- [Your instructions]
When you copy from the entries that follow, take only the lines from the one with "apple 1 computer board" down to the one with "Gucci Double Snake", keeping both ends and dropping every picture.

- [Excerpted data]
------------------------------------------------------------------------

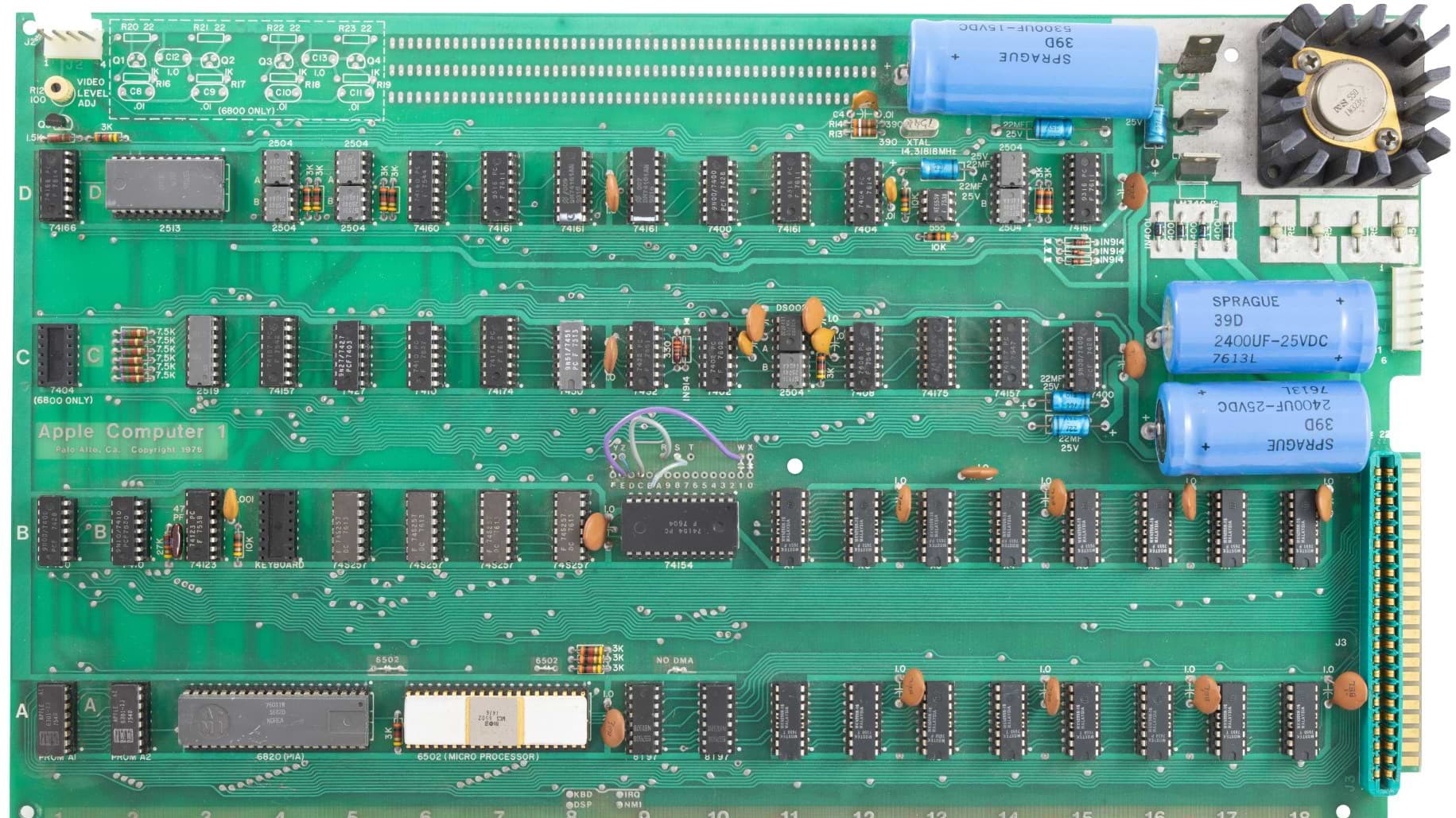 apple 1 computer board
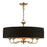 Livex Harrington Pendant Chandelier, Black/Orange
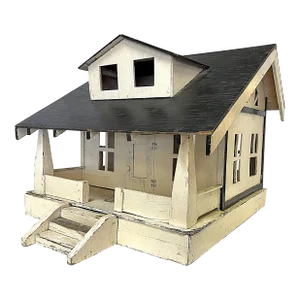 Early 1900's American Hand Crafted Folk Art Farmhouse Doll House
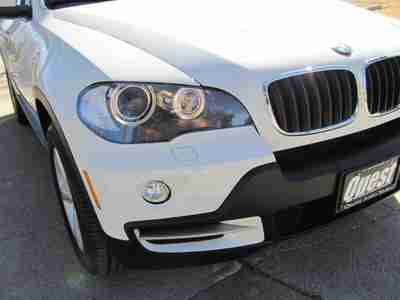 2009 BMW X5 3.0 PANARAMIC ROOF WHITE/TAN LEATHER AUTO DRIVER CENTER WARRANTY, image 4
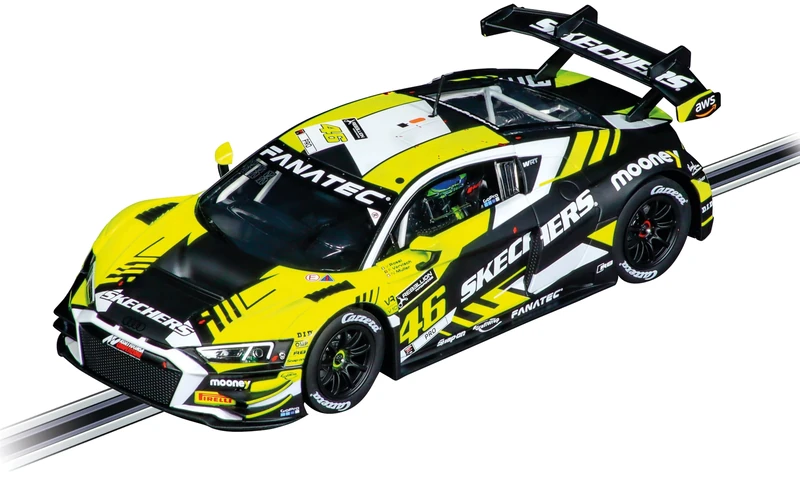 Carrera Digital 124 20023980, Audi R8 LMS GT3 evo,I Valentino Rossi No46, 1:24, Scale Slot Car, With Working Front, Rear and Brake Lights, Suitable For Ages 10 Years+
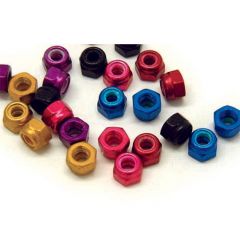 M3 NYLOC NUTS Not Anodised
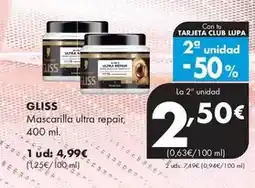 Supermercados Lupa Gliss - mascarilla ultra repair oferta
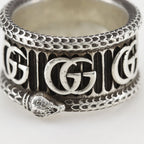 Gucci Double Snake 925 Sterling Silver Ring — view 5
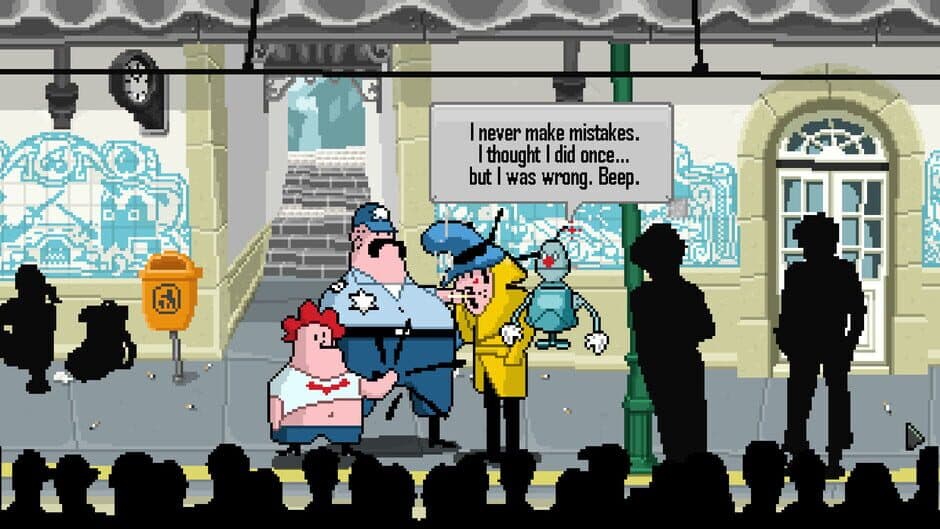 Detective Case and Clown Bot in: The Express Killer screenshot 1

------------------------------------------------------------------------

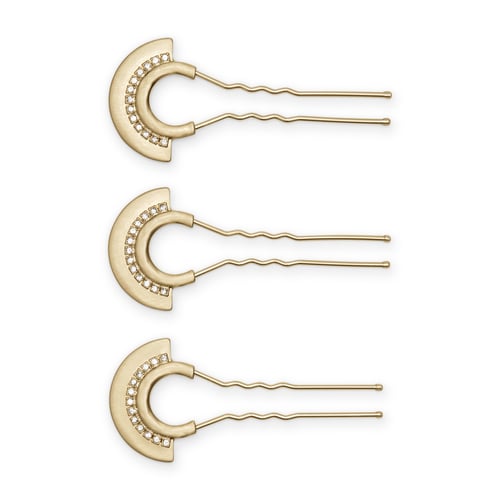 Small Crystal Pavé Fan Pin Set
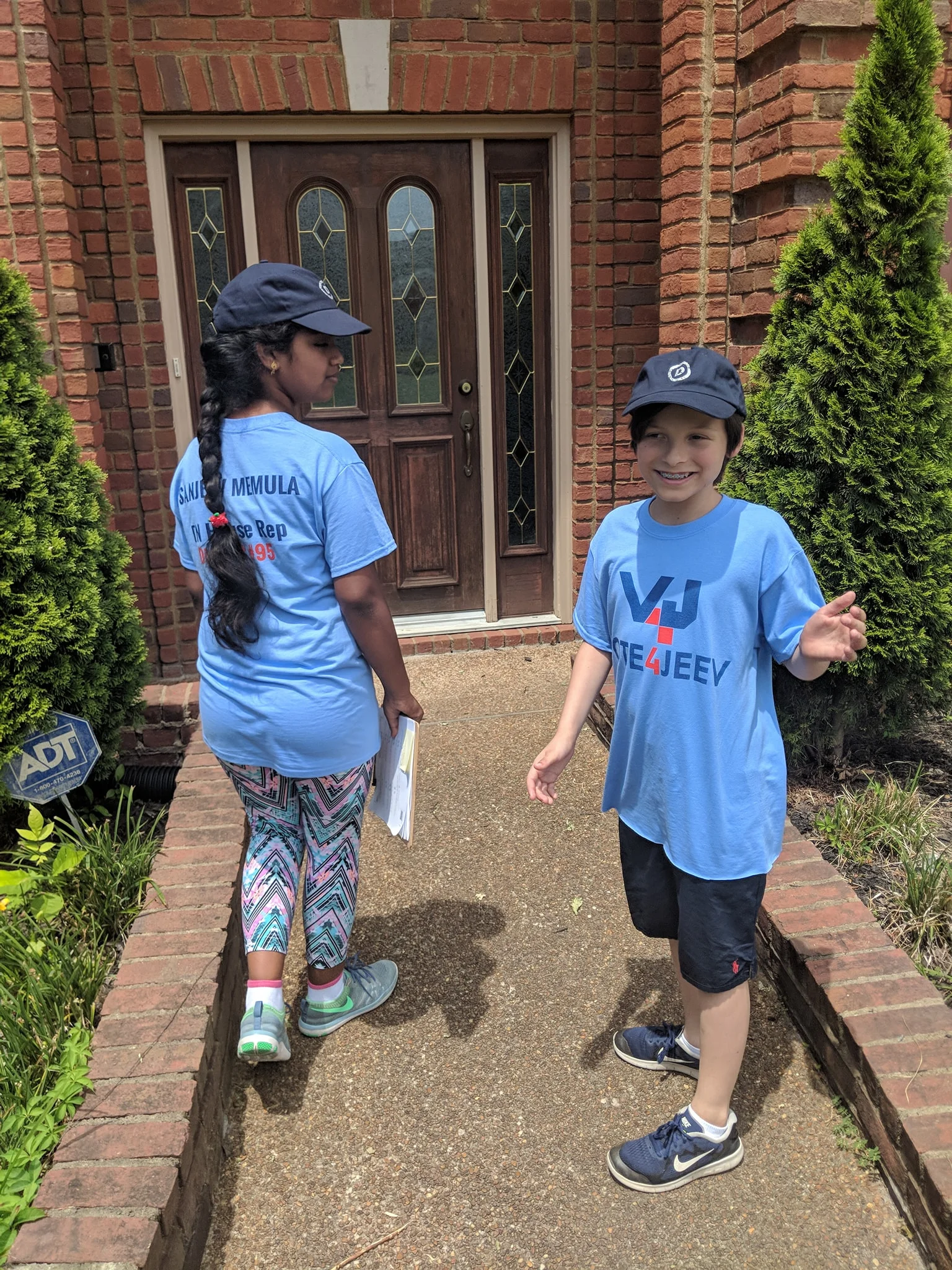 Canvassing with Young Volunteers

------------------------------------------------------------------------

- [Response to this exercise]
 apple 1 computer board
 Livex Harrington Pendant Chandelier, Black/Orange
 Early 1900's American Hand Crafted Folk Art Farmhouse Doll House
 2009 BMW X5 3.0 PANARAMIC ROOF WHITE/TAN LEATHER AUTO DRIVER CENTER WARRANTY, image 4
 Carrera Digital 124 20023980, Audi R8 LMS GT3 evo,I Valentino Rossi No46, 1:24, Scale Slot Car, With Working Front, Rear and Brake Lights, Suitable For Ages 10 Years+
 M3 NYLOC NUTS Not Anodised
 Supermercados Lupa Gliss - mascarilla ultra repair oferta
 Gucci Double Snake 925 Sterling Silver Ring — view 5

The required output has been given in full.